Most of the methods you list there on Vec are for ergonomic reasons, to avoid having to write the .as_slice in some_vec.as_slice().foo() so much (by putting the common ones directly on Vec). With DST we can likely remove them and instead have a Deref<[T]> for Vec<T> implementation, which will allow the &[T] methods to be called automatically without being explicitly part of the Vec API (although you may not regard this as a good thing).
Returning a Vec from all those functions would be really really inefficient. Returning a slice is just returning a pointer into the memory owned by the Vec, but returning a Vec would require allocating new memory and cloning everything (or consuming the old Vec and shifting pointers/byte-copying data around, which is still inefficient, especially for tail). This slow behaviour copy-ful can be achieved with x.tail().to_vec() (etc.).
first is easily implemented as x[0] (well, really, if/when we move get to return an Option, x.get(0)); last is more complicated/annoying/easier to get wrong: x.get(x.len() - 1).
In what way are push and append unintuitive?
There’s .push_all_move which takes a Vec, both are somewhat useful, they can (and possibly should) be removed in favour of the more flexible .extend method:
v.extend(slice.iter().map(|x| x.clone()));
v.extend(vec.move_iter())
We would still need some form of mutable Vec. It’s a equivalent to C++'s std::vector (and can be more efficient due to Rust not having copy constructors!), with essentially the same functionality, as a (somewhat) general purpose sequence container that other structures can be built on (e.g. PriorityQueue and (previously) HashMap). An efficient immutable/persistent vector type is a different data structure, it is desirable but not a replacement for Vec.

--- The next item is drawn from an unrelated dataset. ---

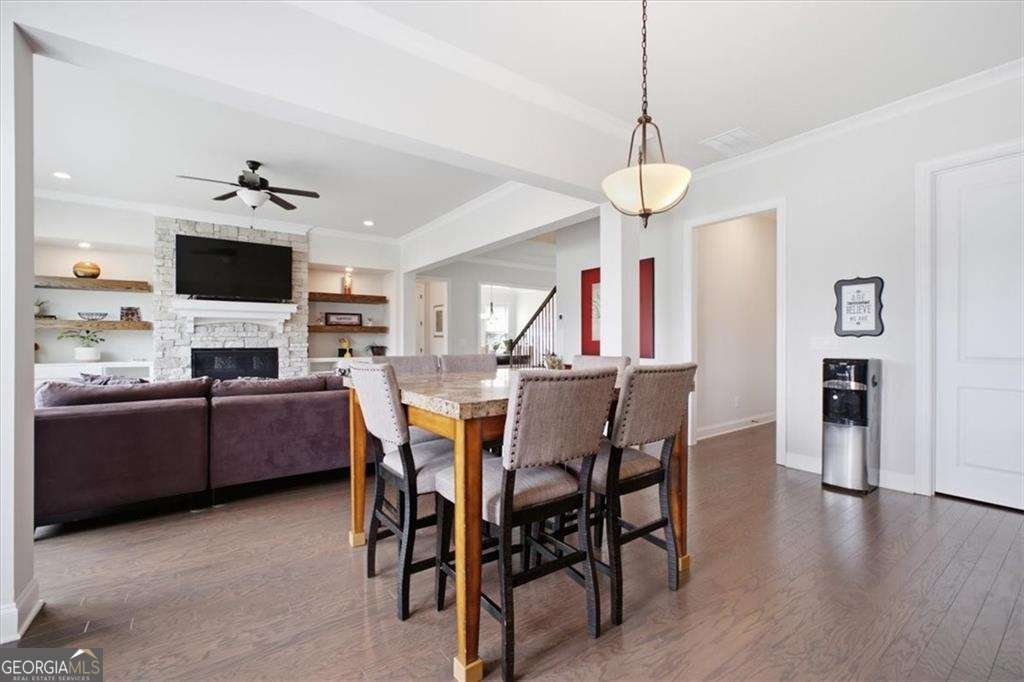 5299 Flannery Chase Powder Springs - Photo 12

I agree that the Vec API could use some adjustment/trimming (although I weakly recommend we wait until after DST before embarking in earnest), but having the ‘flavourful’ methods is nice, as you don’t have to write (and debug) them when you do need them. And if necessary, they can be optimised using unsafe code by the top Rust experts (with code-review by other top Rust experts); I think it’s a reasonable statement that unsafe code outside rust-lang/rust is less likely to be correct, on average.
(Another approach we could/should investigate is seeing if we can turn some of the Vec algorithms into more generic Iterator ones, similar to C++.)